Jane was the first female senior vice president responsible for a team of eight. All the members were all men, all from the same region, all had similar university degrees. Jane came from another domain, not having gone to the same university as the others and not having followed the traditional path to be a VP. When she came to our first coaching session, she was angry and emotional. She felt isolated and left out.
“I don’t feel safe,” said Jane. “It’s horrible. I can’t sleep Sunday nights because I worry about how the meeting will be. I practice what I will say and how I will say it …”
I played back the words and asked Jane what it was like to listen to what she had said. What was the impact of her state of mind on her work? I encouraged her to find here-and-now examples relevant to her interpersonal interactions. I know that being vulnerable can be scary.
“It sounds exhausting, Jane. Is that the case?” Jane nodded.
“Do you think the others are feeling similar feelings?” I enquired.
Jane reflected, and I gently encouraged her to be curious and let the matter rest, saying that we could rethink it later on.
“Can we dig a bit deeper into this word safety?” I enquired.
“Yes,” Jane said.
“What’s not safe? Give me some more colour to the context.”
Indeed, challenging clients is essential in coaching. Otherwise, established patterns repeat themselves and never get resolved. I help my clients who are dealing with difficult dilemmas to assume responsibility so as to shake them up into becoming aware of a certain behaviour pattern. But I give feedback gently with the positive intention that I wish for them to improve. I endeavour to be generous and positive, and I avoid empty compliments. In this case, it was my responsibility to encourage Jane to assume responsibility. Jane saw that the problems were outside herself. I encouraged her to describe a real-life situation at work and to look at her role.

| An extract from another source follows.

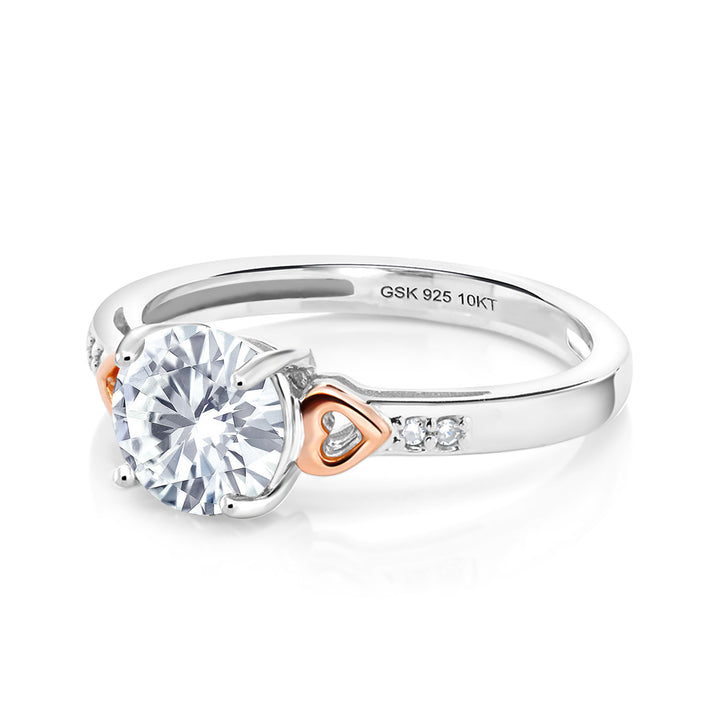 Moissanite_5_Ring in 925 Sterling Silver and 10K Rose Gold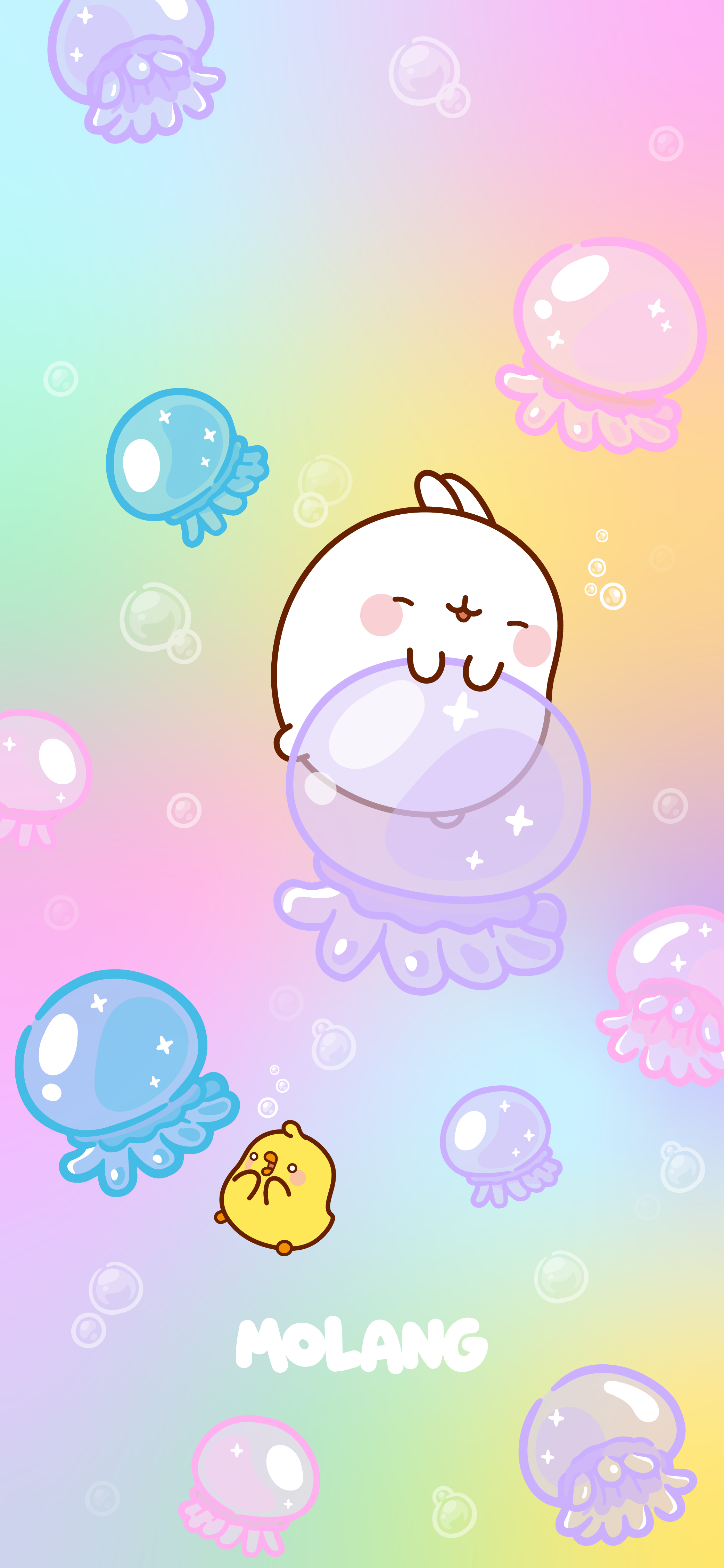 Molang coniglio con meduse pastello, 2084x4512 Full HD Verticale, Smartphone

“Every Monday we have the executive committee meeting with the CEO and the executive leadership team, but I cannot concentrate. I have my script ready in my head in case I get asked a question….. but I feel judged. I’m not comfortable at all. I have a real fear that they are judging me.”
“Is there trust among team members?” I asked.
“I don’t know. Maybe not, maybe so. I don’t even think about it. I only worry about myself and how I come across.”
“Do you feel part of the team?”
“Yes, I do, ironically. I know that I am in the right place, I have the right skills, and I don’t feel like the poster girl or the token woman. It’s more about safety.”
We talked about the concept of psychological safety in teams. She had not heard this term before and was intrigued. So, I gave her an article to read before our next session. The article, “What Makes a Google Team Effective?” where it describes a series of interviews conducted with teams at Google. What they found was that there are five key dynamics that set successful teams apart. Number one is psychological safety. Fundamentally, this means that when a team has a high degree of psychological safety, they take risks without feeling insecure, embarrassed, or judged.
“I see that the processes and the content of our meetings could be so much riskier, more innovative, and definitely more creative if there were more safety. We are playing safe,” Jane said boldly in our next session. “I sensed something but could not name it, and maybe I did not have the courage to call it out.”
During the sessions that followed, Jane gradually came to an acceptance and understanding that the first changes she needed to make were within herself. She had thought about the concept of psychological safety and decided to take some responsibility and be accountable as the first step by talking about the concept with the group and outlining the benefits of psychological safety in teams.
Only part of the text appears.